» The data:
———
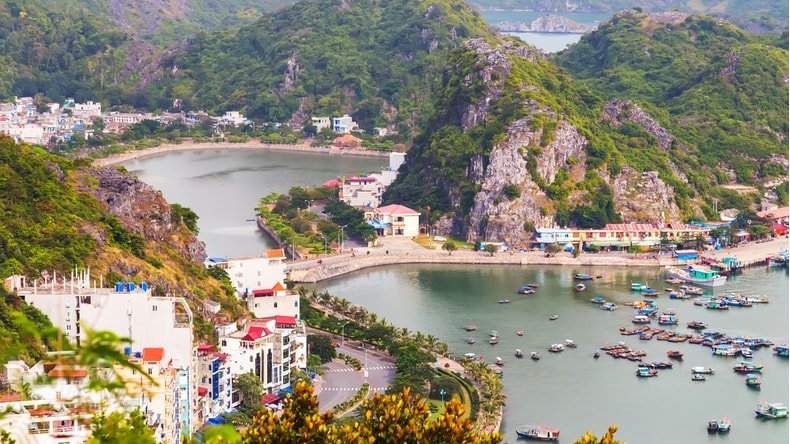 Halong Bay to Cat Ba Island by Ferry, Speedboat and Bus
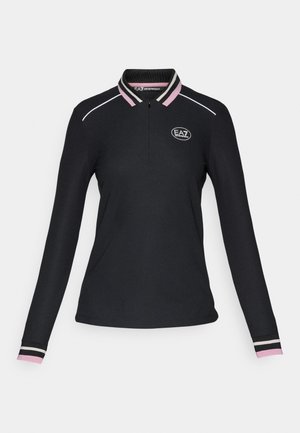 Musta pitkähiha polo paita, jossa on vetoketjukaulus, pinkki ja musta raidallinen hihansuu sekä EAZ-logo rinnassa. Sujuva kangaslaatu.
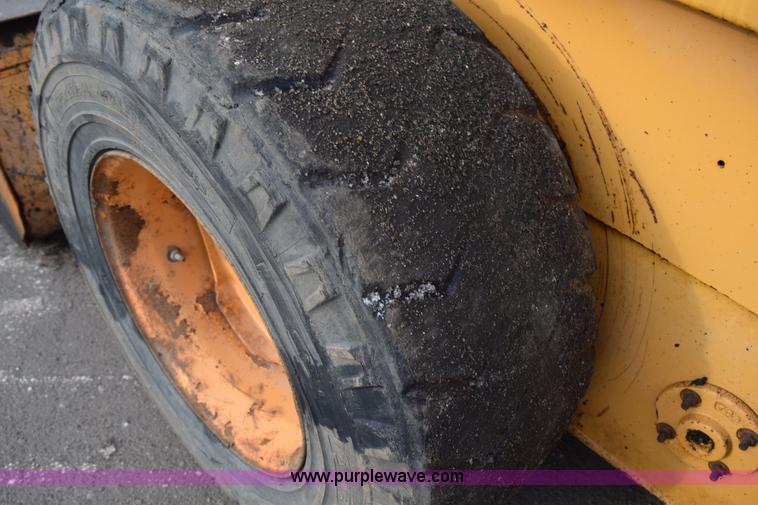 image for item J1957 1995 Case 1845C skid steer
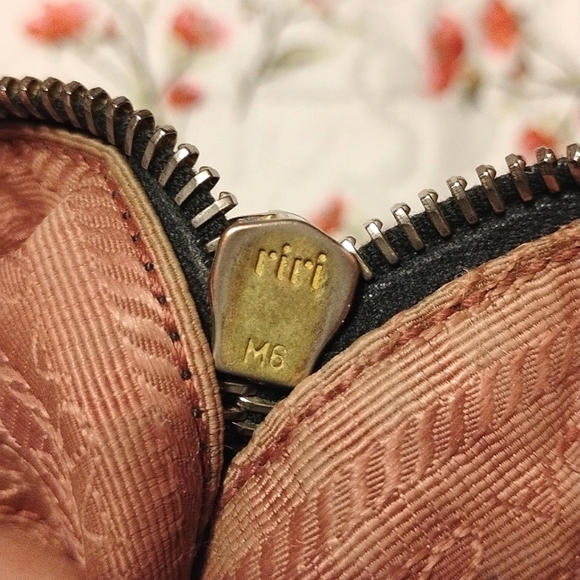 Authentic Prada Bow Clutch Bag, Very Good Vintage Condition - Picture 15 of 15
———
» Exercise objective:
Leave out the pictures and repeat the remaining data exactly.

» Task result:
 Halong Bay to Cat Ba Island by Ferry, Speedboat and Bus
 Musta pitkähiha polo paita, jossa on vetoketjukaulus, pinkki ja musta raidallinen hihansuu sekä EAZ-logo rinnassa. Sujuva kangaslaatu.
 image for item J1957 1995 Case 1845C skid steer
 Authentic Prada Bow Clutch Bag, Very Good Vintage Condition - Picture 15 of 15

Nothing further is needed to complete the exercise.